When the blood tests were finally OK d, he met me downtown to get our marriage license at city hall after work. We were there when the news broke that Martin Luther King was assassinated. The riot was already happening, starting on the south side and moving north.

“Go home,” the city hall clerk said, but first we had to go get our wedding rings at Marshall Fields. In those days there was only one, the one downtown. I paid for the rings with my charge card, one of the first issued. We bought two silver bands, $19 each.

By then, the streets were filled with blacks. (They weren't African American for another decade.) We ducked into a movie theater and decided it was probably safer there than on the street. It was an old movie theater subsidized by the University of Chicago that showed nothing but classic film twenty four hours a day. To make it more available to the students, the charge was only 99 cents, but that meant it was always filled with drunks and weirdos instead of kids. Downstairs was a combination of booze and piss. Upstairs was put aside for women only, but the lesbians were going at it up there. We found a spot downstairs, covered the seats with napkins, and watched Marx Brothers comedies for three hours as old men and women beside us mumbled about whatever was on their mind.

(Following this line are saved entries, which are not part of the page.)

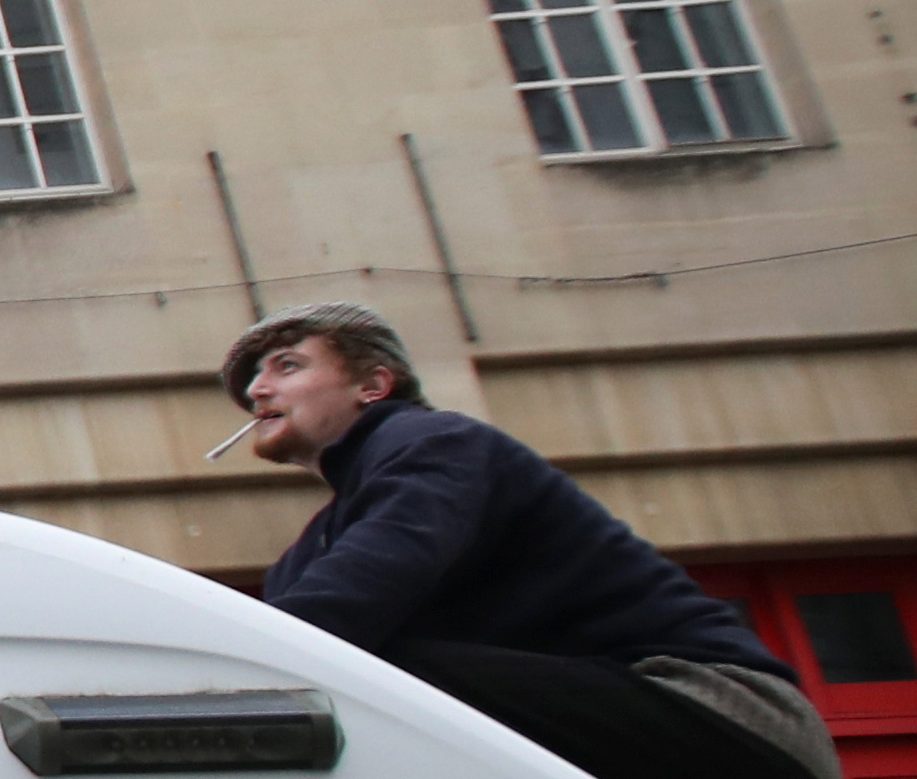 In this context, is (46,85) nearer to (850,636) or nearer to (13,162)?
(13,162)

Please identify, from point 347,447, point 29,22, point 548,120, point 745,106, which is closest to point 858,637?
point 745,106

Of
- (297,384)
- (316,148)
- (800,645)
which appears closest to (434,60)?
(316,148)

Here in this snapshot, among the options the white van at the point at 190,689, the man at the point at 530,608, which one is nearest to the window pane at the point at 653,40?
the man at the point at 530,608

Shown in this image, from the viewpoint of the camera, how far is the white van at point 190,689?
2719mm

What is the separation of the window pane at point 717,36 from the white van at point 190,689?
728 centimetres

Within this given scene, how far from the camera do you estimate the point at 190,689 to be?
9.16 feet

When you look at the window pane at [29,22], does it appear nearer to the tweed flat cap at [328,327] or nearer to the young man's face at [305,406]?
the tweed flat cap at [328,327]

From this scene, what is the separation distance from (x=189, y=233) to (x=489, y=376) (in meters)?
1.32

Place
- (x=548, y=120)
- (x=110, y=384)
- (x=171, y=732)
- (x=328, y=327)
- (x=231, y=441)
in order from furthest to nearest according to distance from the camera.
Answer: (x=548, y=120) → (x=110, y=384) → (x=231, y=441) → (x=328, y=327) → (x=171, y=732)

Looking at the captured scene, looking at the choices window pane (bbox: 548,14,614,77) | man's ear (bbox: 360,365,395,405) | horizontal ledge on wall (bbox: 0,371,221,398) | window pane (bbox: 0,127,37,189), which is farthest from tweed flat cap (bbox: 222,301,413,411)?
window pane (bbox: 548,14,614,77)

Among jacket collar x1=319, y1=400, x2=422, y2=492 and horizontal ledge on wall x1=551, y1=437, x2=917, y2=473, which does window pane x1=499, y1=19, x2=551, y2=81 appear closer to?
horizontal ledge on wall x1=551, y1=437, x2=917, y2=473

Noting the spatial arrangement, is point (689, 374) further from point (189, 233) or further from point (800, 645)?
point (189, 233)

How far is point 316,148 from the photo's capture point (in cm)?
888

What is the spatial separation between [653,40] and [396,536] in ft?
22.3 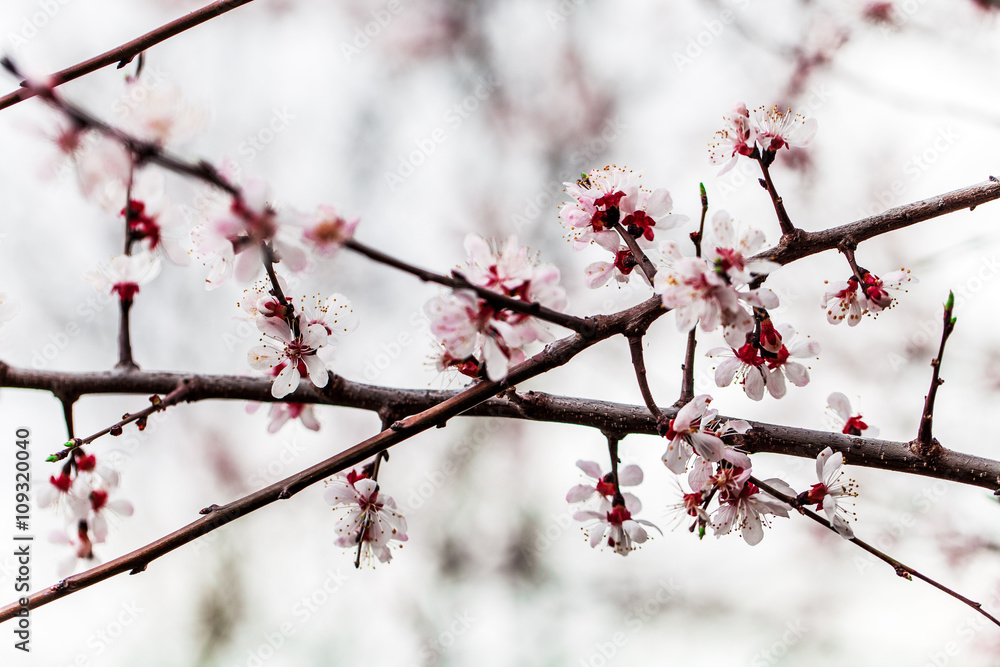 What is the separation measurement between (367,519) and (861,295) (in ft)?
1.96

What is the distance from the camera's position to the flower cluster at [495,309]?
440 millimetres

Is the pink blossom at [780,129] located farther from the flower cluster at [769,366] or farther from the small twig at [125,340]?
the small twig at [125,340]

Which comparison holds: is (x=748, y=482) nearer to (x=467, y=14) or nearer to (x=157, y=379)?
(x=157, y=379)

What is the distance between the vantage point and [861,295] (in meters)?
0.72

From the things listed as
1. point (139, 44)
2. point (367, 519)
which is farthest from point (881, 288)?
point (139, 44)

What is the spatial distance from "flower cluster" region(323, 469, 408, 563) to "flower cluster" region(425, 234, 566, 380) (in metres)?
0.29

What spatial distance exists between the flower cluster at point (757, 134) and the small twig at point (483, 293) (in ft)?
0.95

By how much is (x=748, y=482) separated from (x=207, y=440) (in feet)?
5.66

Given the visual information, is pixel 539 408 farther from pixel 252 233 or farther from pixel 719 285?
pixel 252 233

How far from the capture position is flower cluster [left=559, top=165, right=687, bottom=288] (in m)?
0.64

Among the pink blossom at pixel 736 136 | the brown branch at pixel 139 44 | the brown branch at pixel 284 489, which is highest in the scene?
the pink blossom at pixel 736 136

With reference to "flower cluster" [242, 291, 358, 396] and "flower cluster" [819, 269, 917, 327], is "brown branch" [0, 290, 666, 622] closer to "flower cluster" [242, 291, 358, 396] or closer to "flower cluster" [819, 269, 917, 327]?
"flower cluster" [242, 291, 358, 396]

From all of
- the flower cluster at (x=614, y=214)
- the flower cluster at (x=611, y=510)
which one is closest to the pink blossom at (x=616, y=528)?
the flower cluster at (x=611, y=510)

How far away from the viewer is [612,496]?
755mm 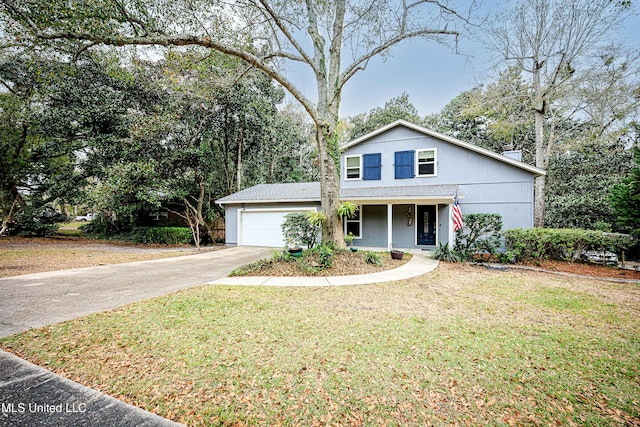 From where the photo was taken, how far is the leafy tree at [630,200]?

It could have been a bag lady convention.

I had my own commie bag lady up on Surf Street and finally had enough. We went to the lobby, peered out and listened to glass breaking up and down the street. A Clark Street bus came rumbling. We jumped on board, the only two passengers with a petrified driver. He kept asking us if we wanted to get off at various places so he could take his bus farther north and abandon it somewhere.

We wound up at the same bar where we'd met. George was there, with a shot gun across the bar and a pistol in his hand ready to protect his establishment. We stood outside for a while watching Chicago go up like a fireworks display. It looked like the fires wouldn't come this far north but it was a night to stay awake. Bill pulled a couple of joints out of his wallet and we lit up. After an hour or two, we went behind the bar with George's pistol and took turns shooting rats, laughing with every shot, until a patrol car came up to the front, lights flashing. We dropped the gun and ran down the alley back to my apartment.

We found out later the bag lady had wandered into a riot and got herself killed.

Three days later, we were married at city hall during my coffee break. Friends bought us a wedding pizza sprinkled with pot instead of oregano.

A week later I came down from a marijuana haze and I realized I had made the biggest mistake in my life. Bill gave up giving me back rubs, became a Republican and railed against the deadbeats on welfare. He told his friends that he believed in women's liberation saying he allowed me to continue working. The Sixties were over as far as he was concerned.

I regretted not being nicer to the bag lady that first day in the bar on Clark Street. Funny how a little thing like that can change your life.